I went to London as part of my duties as External Examiner for the MSc Course in Astrophysics at Queen Mary, University of London. Of course all the proceedings are confidential so I’m not going to comment on anything in detail, except that I spent a bit of time going through the exam scripts before the Examiners’ Meeting in a room that did a very passable impersonation of a heat bath. When I was later joined by the rest of the Exam Board the temperature soared still further. Fortunately the business went relatively smoothly so nobody got too hot under the collar and after concluding the formal business, a few of us cooled off with a beer or two in the Senior Common Room.The students spend the next couple of months writing their dissertations now that the written exams are over, so we have to reconvene in October to determine the final results. I hope it’s a bit cooler by then.

I couldn’t stay long at Queen Mary, however, as I had a working dinner to get to. Regular readers of this blog (both of them) may remember that I’m involved in project called Beyond Entropy which is organized by the Architectural Association School of Architecture. I’ve been working on this occasionally over the months that have passed since I first blogged about it, but deadlines are now looming and we need to accelerate our activity. Last night I met with the ever-enthusiastic Stefano Rabolli Pansera at the house of Eyal Weizman by Victoria Park in the East End, handily close to Queen Mary’s Mile End campus. Assisted by food and wine we managed to crystallise our ideas into something much more tangible than we had managed to do before on our theme of Gravitational Energy.
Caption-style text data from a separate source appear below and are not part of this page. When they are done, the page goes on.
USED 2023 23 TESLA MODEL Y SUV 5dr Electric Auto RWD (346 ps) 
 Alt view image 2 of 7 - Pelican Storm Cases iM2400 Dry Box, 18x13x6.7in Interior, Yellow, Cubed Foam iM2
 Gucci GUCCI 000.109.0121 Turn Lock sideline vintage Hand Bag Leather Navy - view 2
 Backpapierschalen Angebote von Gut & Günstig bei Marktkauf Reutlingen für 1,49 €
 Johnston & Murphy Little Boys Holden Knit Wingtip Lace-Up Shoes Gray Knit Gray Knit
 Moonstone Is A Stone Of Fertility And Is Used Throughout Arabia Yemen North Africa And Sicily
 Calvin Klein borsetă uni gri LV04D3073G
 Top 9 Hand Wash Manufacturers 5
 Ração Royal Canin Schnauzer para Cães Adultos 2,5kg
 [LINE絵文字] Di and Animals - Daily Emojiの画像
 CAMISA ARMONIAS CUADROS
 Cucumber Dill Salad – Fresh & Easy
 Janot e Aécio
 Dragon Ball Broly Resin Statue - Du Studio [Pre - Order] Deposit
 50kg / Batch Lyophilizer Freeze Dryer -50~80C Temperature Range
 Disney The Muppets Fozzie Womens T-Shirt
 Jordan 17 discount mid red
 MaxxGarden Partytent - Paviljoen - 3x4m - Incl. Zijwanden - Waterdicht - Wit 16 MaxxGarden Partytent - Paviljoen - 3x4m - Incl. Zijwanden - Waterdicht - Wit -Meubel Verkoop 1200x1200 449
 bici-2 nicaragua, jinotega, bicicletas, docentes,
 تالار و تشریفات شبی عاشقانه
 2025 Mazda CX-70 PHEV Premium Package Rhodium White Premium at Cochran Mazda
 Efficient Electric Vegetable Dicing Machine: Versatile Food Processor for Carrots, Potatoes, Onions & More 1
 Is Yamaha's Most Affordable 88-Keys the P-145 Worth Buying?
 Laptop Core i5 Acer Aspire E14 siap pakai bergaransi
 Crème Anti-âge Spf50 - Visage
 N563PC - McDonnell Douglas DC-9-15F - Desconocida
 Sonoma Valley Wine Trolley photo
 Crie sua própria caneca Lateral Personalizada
The School has offered us expert practical assistance in making prototypes and  I’m now much more optimistic about our exhibit coming together, not to mention excited at the prospect of seeing it on display at the Venice Architecture Biennale. I won’t say what we’re planning just yet, though. I’d rather wait until it’s done before unveiling it.

Incidentally, here’s a link to a  lecture by Eyal Weizman where he gives some interesting perspectives on architectural history.

Finally, and nothing to do with my trip to the Big Smoke, I noticed today on the Research Fortnight Blog that the Higher Education Funding Council for Wales (HEFCW) is planning to reduce the number of universities in Wales “significantly” from its current level of 12. This is an interesting development and one that I’ve actually argued for here. Quoting Leighton Andrews, Welsh Assembly Minister responsible for higher education, the piece says

“This target does not mean fewer students,” he said in a statement. “But it is likely to mean fewer vice chancellors. We will have significantly fewer HE institutions in Wales but they will be larger and stronger.”

How these reductions will be achieved remains to be seen, but it seems obvious that quite a few  feathers will be ruffled among the management’s plumage in some institutions and it looks like some vice chancellors will be totally plucked!